Call for Testing: Gutenberg + Popular Plugins

Calls for testing WordPress 5.0 beta have been running since Oct 24, and the release is right around the corner. While we have highlighted a few plugins to test in past calls for testing here on make/test, it was pointed out that more plugin testing would be helpful to have and so let’s add it in!

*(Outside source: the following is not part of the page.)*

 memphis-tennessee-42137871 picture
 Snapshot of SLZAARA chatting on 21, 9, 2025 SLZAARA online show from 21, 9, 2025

Plugins that are most likely to have compatibility issues are those that modify the the interface of the post edit screen, perform actions on post update/save or add custom taxonomies. /hat tip @gschoppe via
To help test, you can install and activate the WordPress Beta Tester plugin on a test site, select “Bleeding edge nightlies” from the Tools > Beta Testing page and then click “Update Now” on the Dashboard > Updates page in wp-admin. From there, pick any plugin from the list below and see what you can break. 🙂 If you find a plugin conflict between the plugin you are testing and Gutenberg, the very best place to report it is to the plugin developer directly. Each plugin has a support forum available by using the Support tab at the top of the plugin directory page. You may also report plugin conflicts to the gutenberg repository on GitHub where you will likely get more help testing and advice on where and how to report back to the plugin author if needed. To start, I’ve picked a handful of plugins either because they seem like good candidates from the popular plugins list or have been mentioned in  gutenberg on GitHub or on this blog:
  1. Yoast SEO
  2. Advanced Custom Forms
  3. Wordfence
  4. Elementor
  5. Contact Form 7
  6. WPForms
  7. NextGEN Gallery
  8. Divi Theme
There are many more plugins to test, and suggestions are welcome if you think any should be added to this list. This list should be considered a starting point and anything from the first four pages of the popular plugins list would also be good to consider for testing. If you are able to help test, pick something you like, or that looks interesting to you, or (even better!) that you use on your own site. It is worth noting that several of these plugins have been tested already and many developers have been working hard on updates along the way—some even include custom Gutenberg blocks. This call for testing is an extra way to try to provide help for those developers. If you are a plugin developer and would like to add your plugin as a suggested addition for testing, it would be helpful to provide a link and a short list of testing ideas or steps to help testers get oriented with your work. Please leave a comment if you’re interested!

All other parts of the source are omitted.